TASK GOAL
In the data that follows, find the line with "Rewards going to"; transcribe it, every later line up to the one with "1PC Travel Toiletry", and that line as well, exactly and with no others.
Start of MATERIAL PROVIDED
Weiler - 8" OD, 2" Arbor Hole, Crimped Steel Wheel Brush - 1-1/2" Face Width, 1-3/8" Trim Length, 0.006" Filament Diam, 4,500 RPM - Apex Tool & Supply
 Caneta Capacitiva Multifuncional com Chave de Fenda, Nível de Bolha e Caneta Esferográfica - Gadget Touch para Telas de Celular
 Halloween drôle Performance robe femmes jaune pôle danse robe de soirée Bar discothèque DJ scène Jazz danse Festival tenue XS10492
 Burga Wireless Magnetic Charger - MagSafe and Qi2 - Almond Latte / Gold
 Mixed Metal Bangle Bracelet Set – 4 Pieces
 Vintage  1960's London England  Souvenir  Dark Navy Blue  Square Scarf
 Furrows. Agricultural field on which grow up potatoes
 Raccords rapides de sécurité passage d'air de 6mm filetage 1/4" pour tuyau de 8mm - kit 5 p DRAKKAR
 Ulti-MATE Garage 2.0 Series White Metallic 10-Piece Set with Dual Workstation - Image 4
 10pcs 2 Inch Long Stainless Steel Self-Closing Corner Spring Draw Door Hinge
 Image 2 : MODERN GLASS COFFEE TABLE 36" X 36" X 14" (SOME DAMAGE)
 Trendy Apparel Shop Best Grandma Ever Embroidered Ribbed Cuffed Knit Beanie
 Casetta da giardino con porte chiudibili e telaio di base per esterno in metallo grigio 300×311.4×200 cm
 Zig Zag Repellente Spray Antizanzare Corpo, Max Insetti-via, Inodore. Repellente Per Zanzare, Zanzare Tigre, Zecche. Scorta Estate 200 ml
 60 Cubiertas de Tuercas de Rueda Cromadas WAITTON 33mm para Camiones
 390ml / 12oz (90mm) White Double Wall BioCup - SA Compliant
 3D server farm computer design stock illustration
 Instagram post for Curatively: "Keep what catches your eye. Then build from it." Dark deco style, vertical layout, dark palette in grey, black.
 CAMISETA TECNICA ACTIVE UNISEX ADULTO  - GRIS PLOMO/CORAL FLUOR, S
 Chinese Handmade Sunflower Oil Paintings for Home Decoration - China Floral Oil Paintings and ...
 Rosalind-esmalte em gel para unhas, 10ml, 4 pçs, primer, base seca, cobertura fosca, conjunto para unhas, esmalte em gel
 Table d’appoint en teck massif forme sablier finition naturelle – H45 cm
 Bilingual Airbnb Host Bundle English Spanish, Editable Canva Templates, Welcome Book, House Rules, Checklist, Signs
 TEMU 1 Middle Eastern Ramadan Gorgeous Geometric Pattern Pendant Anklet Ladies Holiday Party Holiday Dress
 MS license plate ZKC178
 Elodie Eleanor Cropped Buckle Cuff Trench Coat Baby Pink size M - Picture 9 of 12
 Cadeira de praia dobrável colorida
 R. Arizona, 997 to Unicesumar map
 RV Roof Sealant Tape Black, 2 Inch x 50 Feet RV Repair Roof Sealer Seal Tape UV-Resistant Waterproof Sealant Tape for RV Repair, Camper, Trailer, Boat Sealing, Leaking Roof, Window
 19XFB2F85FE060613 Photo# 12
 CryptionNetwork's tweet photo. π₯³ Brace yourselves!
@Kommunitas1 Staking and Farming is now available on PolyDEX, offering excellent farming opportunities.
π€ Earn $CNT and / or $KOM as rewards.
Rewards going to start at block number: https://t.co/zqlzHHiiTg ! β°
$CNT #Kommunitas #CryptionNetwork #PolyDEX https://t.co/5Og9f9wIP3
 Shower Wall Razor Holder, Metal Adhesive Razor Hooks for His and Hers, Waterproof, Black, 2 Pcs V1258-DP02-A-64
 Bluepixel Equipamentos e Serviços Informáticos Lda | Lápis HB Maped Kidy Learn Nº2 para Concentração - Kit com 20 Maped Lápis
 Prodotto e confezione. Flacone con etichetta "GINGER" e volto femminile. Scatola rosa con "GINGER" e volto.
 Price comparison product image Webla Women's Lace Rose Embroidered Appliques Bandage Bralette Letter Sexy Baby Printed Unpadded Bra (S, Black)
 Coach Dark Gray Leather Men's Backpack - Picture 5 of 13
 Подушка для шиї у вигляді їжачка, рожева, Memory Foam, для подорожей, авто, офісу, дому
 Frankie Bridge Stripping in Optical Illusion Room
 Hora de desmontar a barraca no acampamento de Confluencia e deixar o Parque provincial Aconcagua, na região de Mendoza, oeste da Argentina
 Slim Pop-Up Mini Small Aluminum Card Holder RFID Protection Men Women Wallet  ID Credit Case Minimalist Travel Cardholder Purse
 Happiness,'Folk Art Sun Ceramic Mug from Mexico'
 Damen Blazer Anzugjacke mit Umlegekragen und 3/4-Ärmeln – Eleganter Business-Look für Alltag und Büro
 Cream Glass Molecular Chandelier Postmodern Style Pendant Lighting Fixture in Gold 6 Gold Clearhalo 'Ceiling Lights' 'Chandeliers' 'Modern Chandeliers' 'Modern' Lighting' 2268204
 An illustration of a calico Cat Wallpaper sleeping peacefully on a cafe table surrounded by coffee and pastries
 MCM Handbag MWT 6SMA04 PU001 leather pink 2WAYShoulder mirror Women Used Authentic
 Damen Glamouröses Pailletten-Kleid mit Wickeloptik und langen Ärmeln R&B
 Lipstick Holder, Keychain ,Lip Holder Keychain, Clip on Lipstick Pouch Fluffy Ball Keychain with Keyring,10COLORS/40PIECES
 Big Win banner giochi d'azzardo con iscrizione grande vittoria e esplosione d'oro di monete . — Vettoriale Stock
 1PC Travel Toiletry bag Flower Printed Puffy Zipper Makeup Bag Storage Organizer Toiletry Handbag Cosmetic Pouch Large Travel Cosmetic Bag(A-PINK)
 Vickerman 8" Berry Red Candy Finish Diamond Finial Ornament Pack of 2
End of MATERIAL PROVIDED
TASK SOLUTION
Rewards going to start at block number: https://t.co/zqlzHHiiTg ! β°
$CNT #Kommunitas #CryptionNetwork #PolyDEX https://t.co/5Og9f9wIP3
 Shower Wall Razor Holder, Metal Adhesive Razor Hooks for His and Hers, Waterproof, Black, 2 Pcs V1258-DP02-A-64
 Bluepixel Equipamentos e Serviços Informáticos Lda | Lápis HB Maped Kidy Learn Nº2 para Concentração - Kit com 20 Maped Lápis
 Prodotto e confezione. Flacone con etichetta "GINGER" e volto femminile. Scatola rosa con "GINGER" e volto.
 Price comparison product image Webla Women's Lace Rose Embroidered Appliques Bandage Bralette Letter Sexy Baby Printed Unpadded Bra (S, Black)
 Coach Dark Gray Leather Men's Backpack - Picture 5 of 13
 Подушка для шиї у вигляді їжачка, рожева, Memory Foam, для подорожей, авто, офісу, дому
 Frankie Bridge Stripping in Optical Illusion Room
 Hora de desmontar a barraca no acampamento de Confluencia e deixar o Parque provincial Aconcagua, na região de Mendoza, oeste da Argentina
 Slim Pop-Up Mini Small Aluminum Card Holder RFID Protection Men Women Wallet  ID Credit Case Minimalist Travel Cardholder Purse
 Happiness,'Folk Art Sun Ceramic Mug from Mexico'
 Damen Blazer Anzugjacke mit Umlegekragen und 3/4-Ärmeln – Eleganter Business-Look für Alltag und Büro
 Cream Glass Molecular Chandelier Postmodern Style Pendant Lighting Fixture in Gold 6 Gold Clearhalo 'Ceiling Lights' 'Chandeliers' 'Modern Chandeliers' 'Modern' Lighting' 2268204
 An illustration of a calico Cat Wallpaper sleeping peacefully on a cafe table surrounded by coffee and pastries
 MCM Handbag MWT 6SMA04 PU001 leather pink 2WAYShoulder mirror Women Used Authentic
 Damen Glamouröses Pailletten-Kleid mit Wickeloptik und langen Ärmeln R&B
 Lipstick Holder, Keychain ,Lip Holder Keychain, Clip on Lipstick Pouch Fluffy Ball Keychain with Keyring,10COLORS/40PIECES
 Big Win banner giochi d'azzardo con iscrizione grande vittoria e esplosione d'oro di monete . — Vettoriale Stock
 1PC Travel Toiletry bag Flower Printed Puffy Zipper Makeup Bag Storage Organizer Toiletry Handbag Cosmetic Pouch Large Travel Cosmetic Bag(A-PINK)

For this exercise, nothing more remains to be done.